_Exercise details_
Your answer should be each line of the entries that contains the word "cityscape", copied in full.
-=-=-=-=-
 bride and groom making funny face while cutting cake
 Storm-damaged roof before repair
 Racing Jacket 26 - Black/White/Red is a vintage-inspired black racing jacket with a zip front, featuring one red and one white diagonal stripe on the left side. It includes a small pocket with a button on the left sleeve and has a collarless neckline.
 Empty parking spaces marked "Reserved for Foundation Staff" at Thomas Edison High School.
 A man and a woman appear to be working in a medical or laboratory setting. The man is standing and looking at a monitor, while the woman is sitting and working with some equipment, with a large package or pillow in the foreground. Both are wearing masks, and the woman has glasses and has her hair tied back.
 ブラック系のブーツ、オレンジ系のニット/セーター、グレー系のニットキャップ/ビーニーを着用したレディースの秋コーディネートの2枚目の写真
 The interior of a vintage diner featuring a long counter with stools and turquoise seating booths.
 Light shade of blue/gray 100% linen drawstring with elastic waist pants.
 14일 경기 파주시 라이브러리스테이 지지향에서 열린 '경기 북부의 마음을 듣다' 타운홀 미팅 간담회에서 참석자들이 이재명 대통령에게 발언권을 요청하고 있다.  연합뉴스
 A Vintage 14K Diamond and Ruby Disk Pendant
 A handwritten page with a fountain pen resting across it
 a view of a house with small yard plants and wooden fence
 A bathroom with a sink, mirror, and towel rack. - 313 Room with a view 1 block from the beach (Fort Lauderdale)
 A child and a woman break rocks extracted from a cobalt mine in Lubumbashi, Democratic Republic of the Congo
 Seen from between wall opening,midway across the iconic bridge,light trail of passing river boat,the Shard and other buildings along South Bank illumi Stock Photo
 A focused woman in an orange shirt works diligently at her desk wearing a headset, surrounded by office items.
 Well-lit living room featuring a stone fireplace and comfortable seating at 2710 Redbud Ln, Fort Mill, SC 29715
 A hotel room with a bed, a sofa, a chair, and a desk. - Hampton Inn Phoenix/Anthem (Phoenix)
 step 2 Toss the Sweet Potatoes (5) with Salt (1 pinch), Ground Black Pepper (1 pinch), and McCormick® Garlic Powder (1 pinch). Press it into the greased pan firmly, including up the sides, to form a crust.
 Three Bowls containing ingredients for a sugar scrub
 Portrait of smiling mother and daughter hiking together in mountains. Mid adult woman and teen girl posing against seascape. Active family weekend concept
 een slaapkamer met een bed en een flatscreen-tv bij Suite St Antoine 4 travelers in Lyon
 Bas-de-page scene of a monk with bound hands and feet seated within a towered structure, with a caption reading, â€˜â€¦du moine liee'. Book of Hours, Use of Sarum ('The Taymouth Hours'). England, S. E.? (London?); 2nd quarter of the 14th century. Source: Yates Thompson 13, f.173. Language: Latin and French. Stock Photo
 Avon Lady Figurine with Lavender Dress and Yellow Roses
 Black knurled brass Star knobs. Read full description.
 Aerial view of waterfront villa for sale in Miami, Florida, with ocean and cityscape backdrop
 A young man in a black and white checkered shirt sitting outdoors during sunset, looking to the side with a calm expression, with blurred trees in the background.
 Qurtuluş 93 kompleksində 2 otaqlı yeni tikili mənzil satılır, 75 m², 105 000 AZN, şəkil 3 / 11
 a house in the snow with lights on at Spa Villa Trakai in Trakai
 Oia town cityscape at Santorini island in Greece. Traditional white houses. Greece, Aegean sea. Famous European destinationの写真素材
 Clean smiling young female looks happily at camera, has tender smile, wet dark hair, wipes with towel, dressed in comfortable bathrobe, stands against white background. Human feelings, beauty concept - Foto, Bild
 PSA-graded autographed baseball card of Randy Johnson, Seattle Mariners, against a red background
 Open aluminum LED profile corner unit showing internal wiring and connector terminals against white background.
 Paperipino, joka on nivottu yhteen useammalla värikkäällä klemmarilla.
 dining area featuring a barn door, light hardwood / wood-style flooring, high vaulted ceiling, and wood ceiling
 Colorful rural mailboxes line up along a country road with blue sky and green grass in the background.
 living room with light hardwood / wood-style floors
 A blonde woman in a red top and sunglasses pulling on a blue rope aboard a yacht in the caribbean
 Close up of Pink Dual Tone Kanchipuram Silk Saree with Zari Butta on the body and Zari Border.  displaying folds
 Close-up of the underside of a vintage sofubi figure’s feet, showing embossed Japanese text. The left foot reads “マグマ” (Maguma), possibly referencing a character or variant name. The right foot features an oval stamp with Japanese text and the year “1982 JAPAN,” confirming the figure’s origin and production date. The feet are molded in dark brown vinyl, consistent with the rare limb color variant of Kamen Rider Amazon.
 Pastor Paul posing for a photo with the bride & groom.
-=-=-=-=-
_Written response_
 Aerial view of waterfront villa for sale in Miami, Florida, with ocean and cityscape backdrop
 Oia town cityscape at Santorini island in Greece. Traditional white houses. Greece, Aegean sea. Famous European destinationの写真素材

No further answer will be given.